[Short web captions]
==================================================

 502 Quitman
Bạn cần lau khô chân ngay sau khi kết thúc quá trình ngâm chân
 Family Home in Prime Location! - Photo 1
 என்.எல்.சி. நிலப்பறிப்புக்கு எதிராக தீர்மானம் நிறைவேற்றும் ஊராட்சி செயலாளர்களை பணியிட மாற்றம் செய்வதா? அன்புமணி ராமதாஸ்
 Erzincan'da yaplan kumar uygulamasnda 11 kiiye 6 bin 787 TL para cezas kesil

==================================================

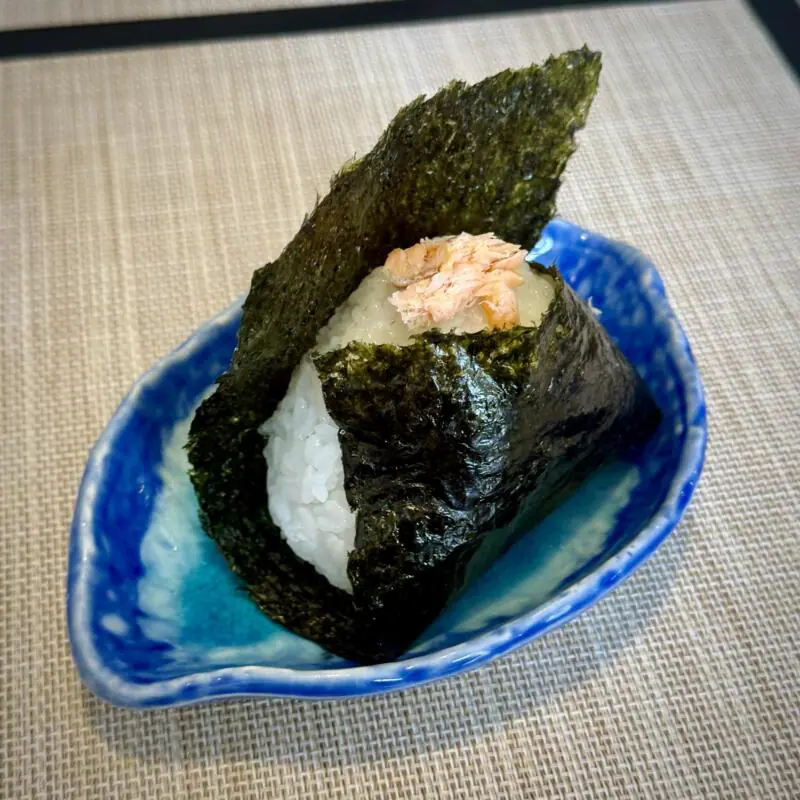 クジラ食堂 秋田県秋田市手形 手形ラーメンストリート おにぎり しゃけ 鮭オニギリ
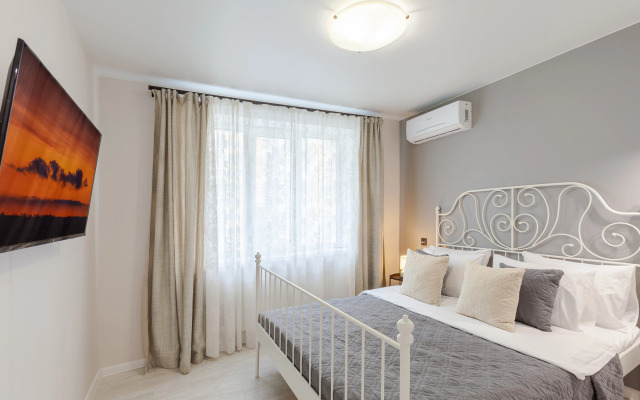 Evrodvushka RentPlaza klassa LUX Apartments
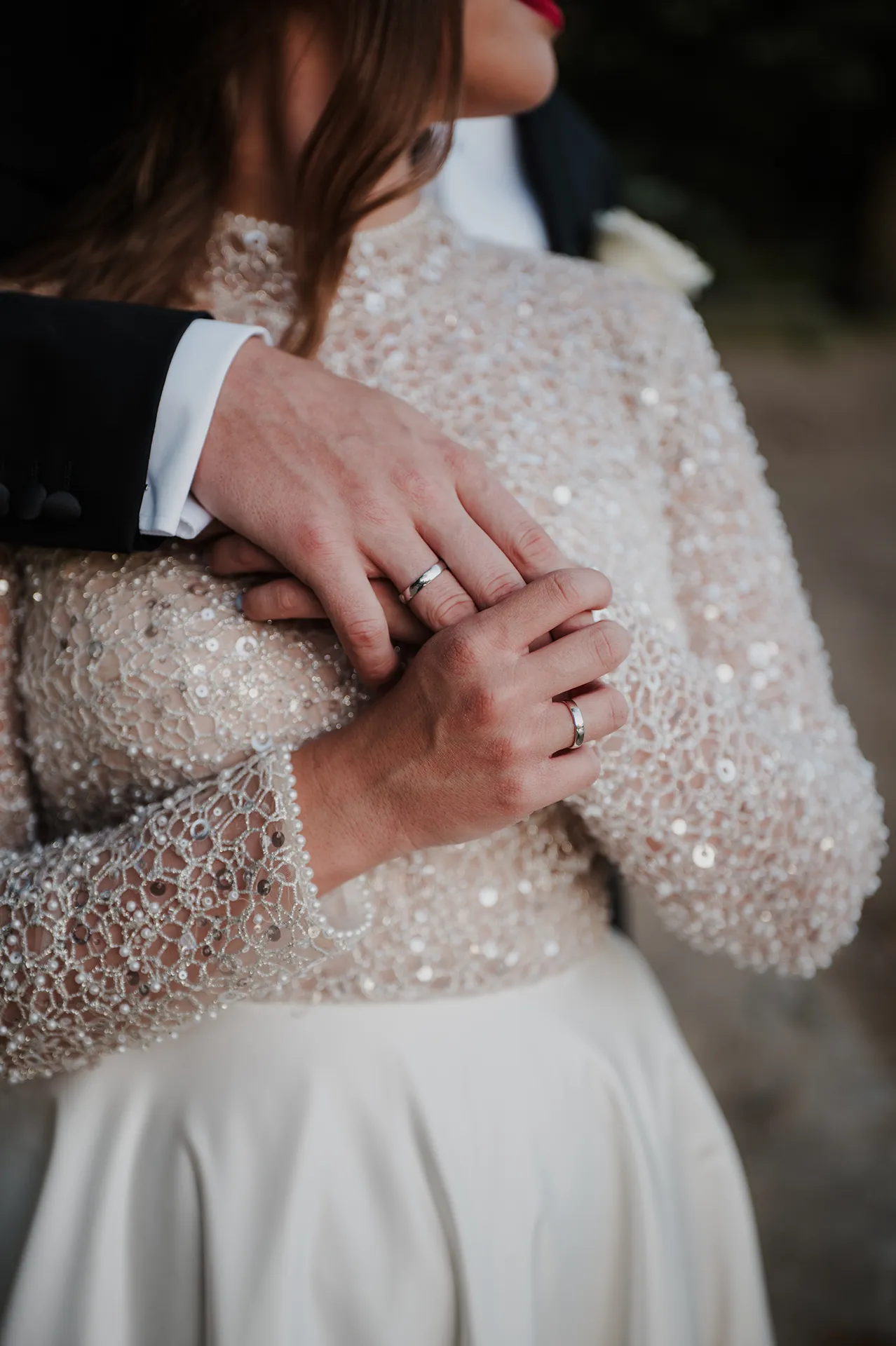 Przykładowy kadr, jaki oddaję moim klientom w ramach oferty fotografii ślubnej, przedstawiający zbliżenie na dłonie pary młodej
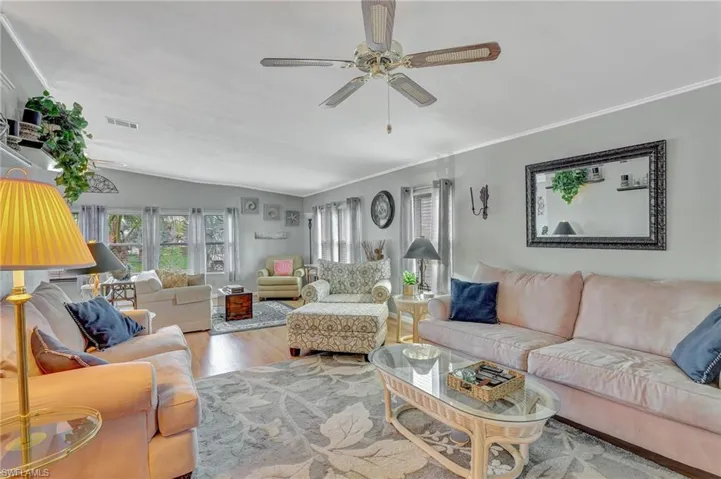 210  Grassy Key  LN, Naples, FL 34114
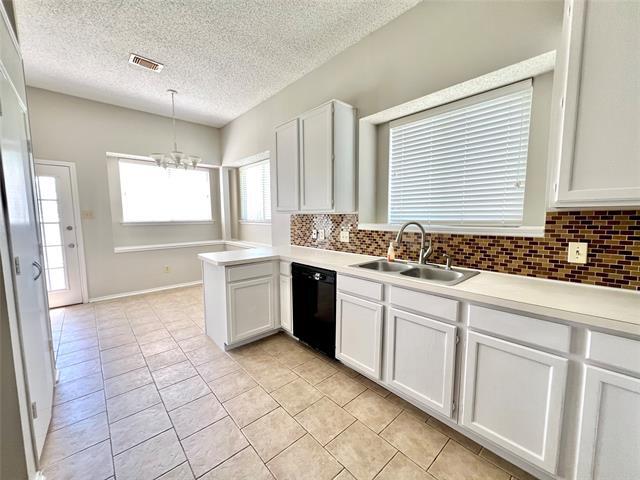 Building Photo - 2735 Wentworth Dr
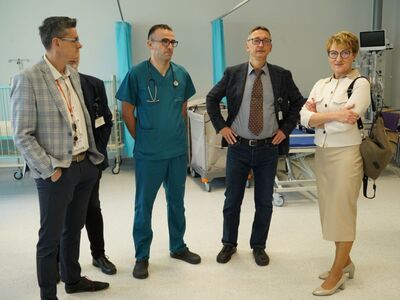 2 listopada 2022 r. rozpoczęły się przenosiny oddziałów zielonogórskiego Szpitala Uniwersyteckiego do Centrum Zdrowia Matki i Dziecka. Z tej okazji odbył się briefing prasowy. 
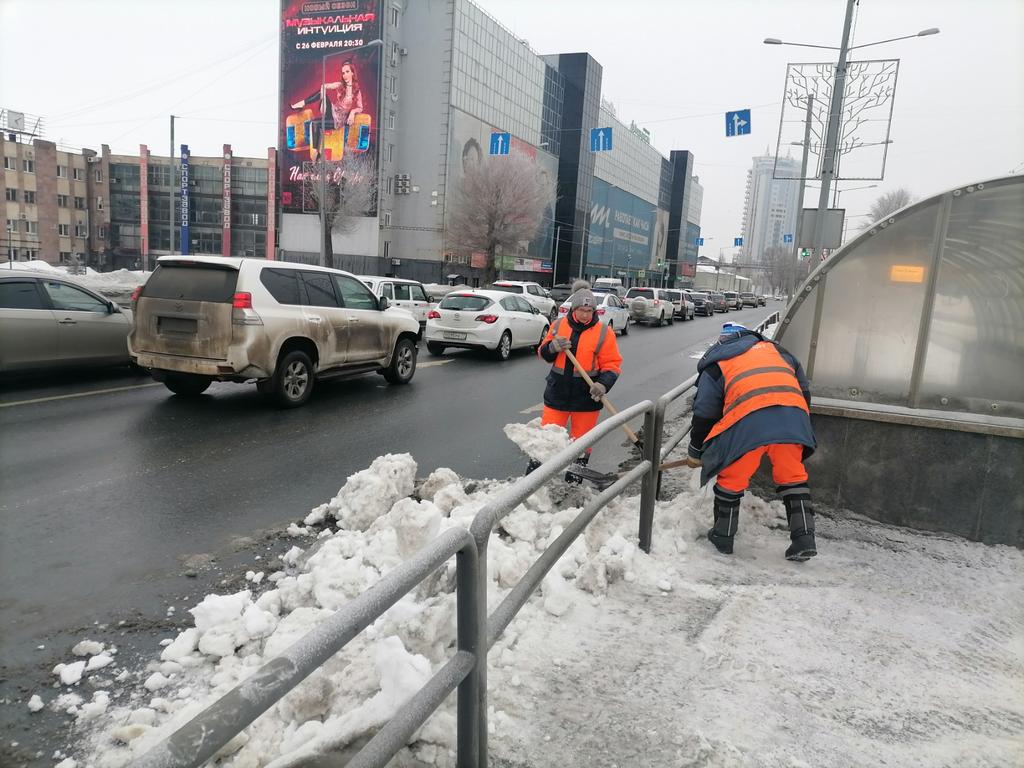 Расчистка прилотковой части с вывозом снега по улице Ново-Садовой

==================================================

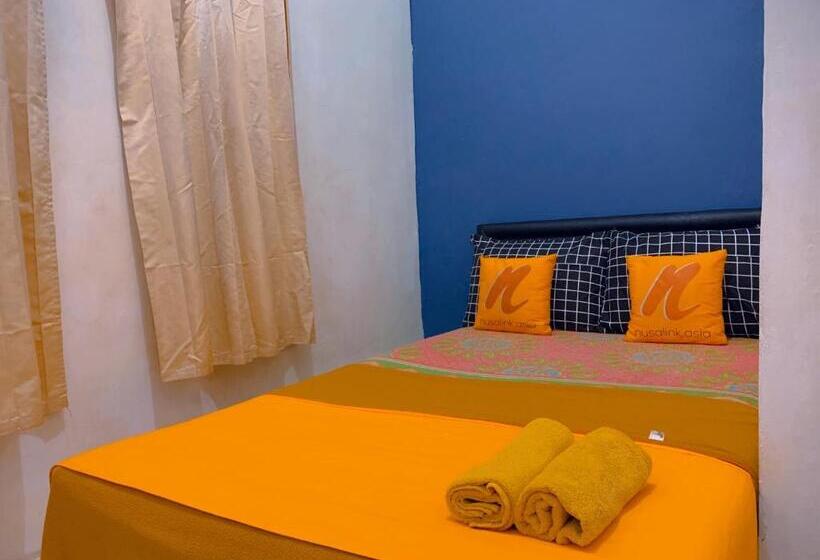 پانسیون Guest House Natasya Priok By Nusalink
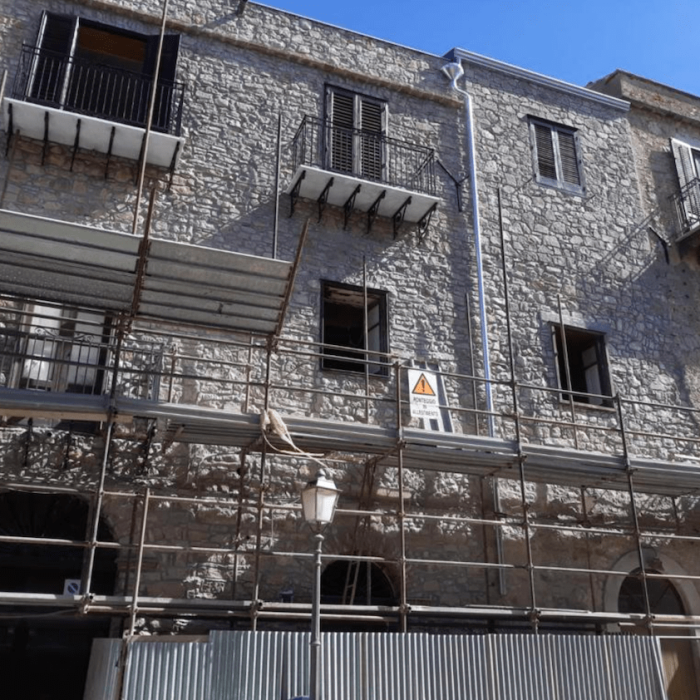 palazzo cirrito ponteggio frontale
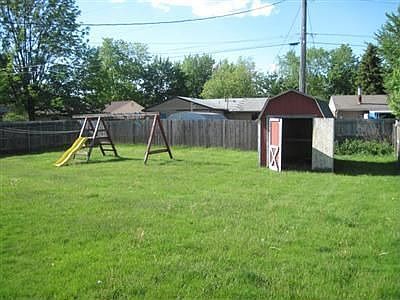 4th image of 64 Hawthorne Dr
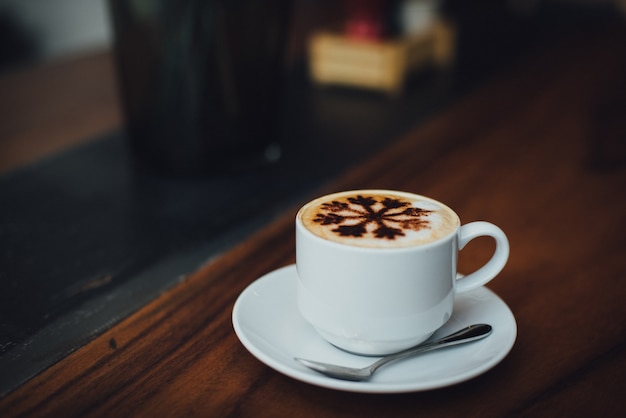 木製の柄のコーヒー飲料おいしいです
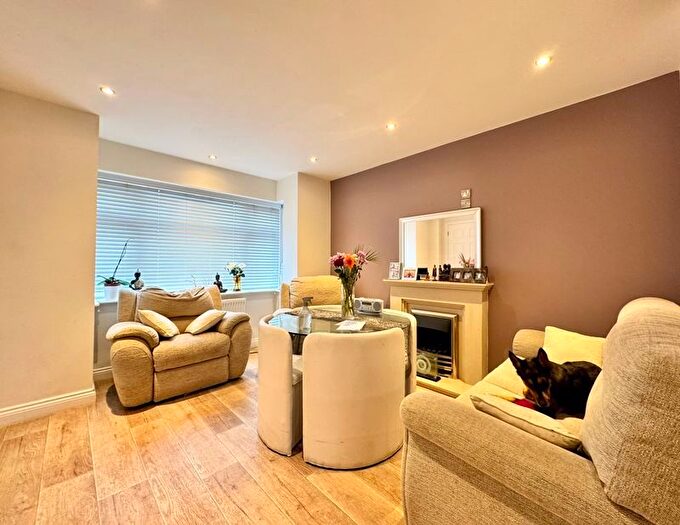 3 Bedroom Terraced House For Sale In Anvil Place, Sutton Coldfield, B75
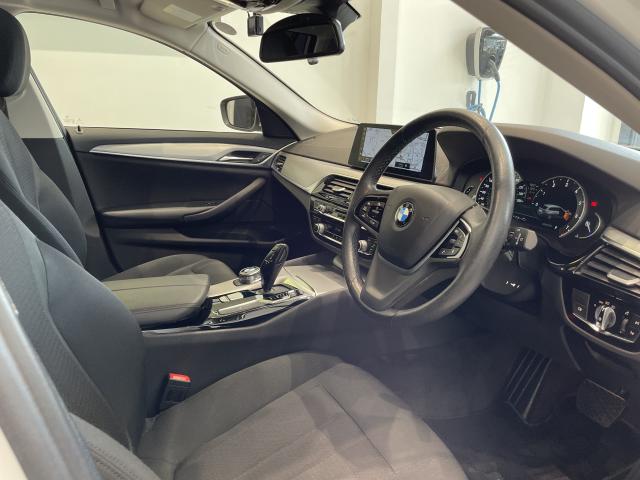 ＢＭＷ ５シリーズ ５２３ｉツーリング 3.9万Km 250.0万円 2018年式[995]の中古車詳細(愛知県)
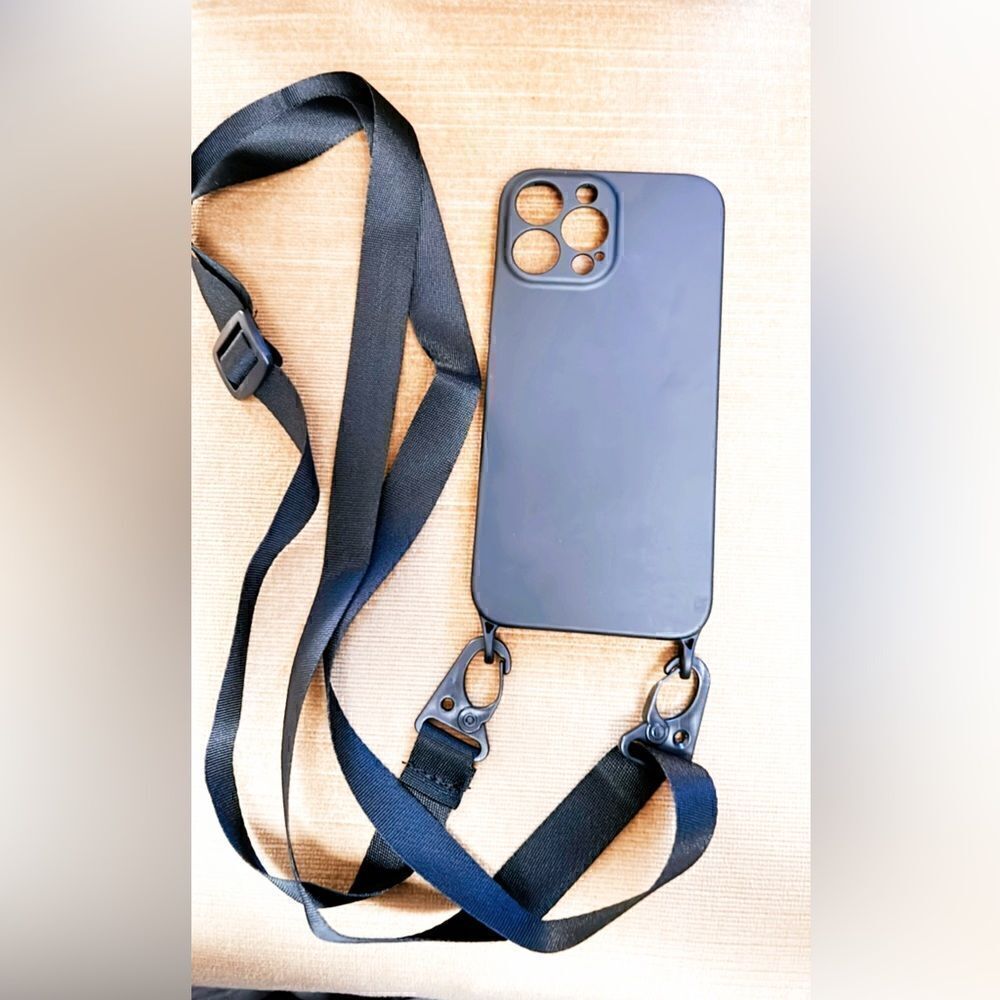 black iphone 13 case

==================================================

#### DESCRIPTION OF THE TASK
Retype only the stretch of lines above starting at the one with "Family Home in Prime Location! - Photo 1" and stopping at the one with "Erzincan'da yaplan kumar", exactly as written, with both kept.

#### ANSWER BOX
 Family Home in Prime Location! - Photo 1
 என்.எல்.சி. நிலப்பறிப்புக்கு எதிராக தீர்மானம் நிறைவேற்றும் ஊராட்சி செயலாளர்களை பணியிட மாற்றம் செய்வதா? அன்புமணி ராமதாஸ்
 Erzincan'da yaplan kumar uygulamasnda 11 kiiye 6 bin 787 TL para cezas kesil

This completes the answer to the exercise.